From here, we can just see through the trees to the shoreline, where the Russian gunship Neva anchored for her six day siege. But a few months ago, dense vegetation blocked any view of the water. And according to Carter, this not only short changes visibility, but history as well. – The 3 ½ acres were once marshland, not dense forest.  

“It’s super clear when you look at the air photos, you can pinpoint within a 10 year period, sometimes within a five year period where the major changes in vegetation occurred,” Carter says.

Aerial photographs from the 1920’s on suggest somewhat dramatic changes in the landscape.  With the retreat of glaciers, the land is rising and by the 1950’s, the marshland had given way to a dry beach covered with rye grass.

Then, in 1958 the mill opened. Bob Sam worked for the park, upgrading the trails, around the time mill logs started washing up on shore.

“Standing here right now. I would say this was more wide open, it was an open field. This was covered with all these logs and stuff, a lot more back then. We cut a lot of them up and used it as firewood, gave it away to elders, things like that.”

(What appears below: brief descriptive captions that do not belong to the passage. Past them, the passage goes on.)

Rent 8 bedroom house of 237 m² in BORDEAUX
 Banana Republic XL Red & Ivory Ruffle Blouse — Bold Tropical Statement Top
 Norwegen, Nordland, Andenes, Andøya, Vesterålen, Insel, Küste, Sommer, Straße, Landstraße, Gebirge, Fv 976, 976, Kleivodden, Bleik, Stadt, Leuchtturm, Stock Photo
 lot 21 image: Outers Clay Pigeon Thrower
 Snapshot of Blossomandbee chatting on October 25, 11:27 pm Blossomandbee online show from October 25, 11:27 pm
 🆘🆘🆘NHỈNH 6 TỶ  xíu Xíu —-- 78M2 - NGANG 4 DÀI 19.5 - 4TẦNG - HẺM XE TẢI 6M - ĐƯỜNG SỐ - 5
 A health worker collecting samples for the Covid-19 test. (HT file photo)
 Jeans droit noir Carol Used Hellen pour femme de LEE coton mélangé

But the logs kept coming, breaking off of rafts on their way to the mill, and washing up on the beach. Carter says that the deposition of this organic debris provided a perfect nursery environment for trees. “All of a sudden it became an emergent forest and we’d lost the open appearance of the battlefield.”

Ultimately the trees and undergrowth grew so thick, there was no visual corridor from the fort site to the waterfront, a view necessary for proper interpretation of the Battle of 1804. It even covered up other cultural relics- canoe haul outs and clam gardens.

So this spring, Carter and his team presented their plan to clear out undergrowth and small trees from the area, and they were met with some community support and a few suggestions.

“The tribe and their representatives suggested that rather than take out Hemlock wait until spring and they would be willing to haul the hemlock off for us- We’ve left all the hemlock that are small or that have branches that are potentially usable for subsistence herring sets.”

Carter says that the Park Service wants to be responsive both to the past, and the interests of the Tribal community. The work of restoration has been easier because people have fond memories of the land before the emergent forest began to take hold.

Bob Sam says that there is also the potential to learn from a past that’s still hidden- clearings on the beach where canoes were hauled out. “To me, that’s very interesting history that we should take a look at and not just keep covered. The technology of canoe haul outs is fascinating. It’s a culture that goes back thousands of years, so let’s take a look at it.”

The National Park Service will move ahead with the removal of the mill logs over the next few months.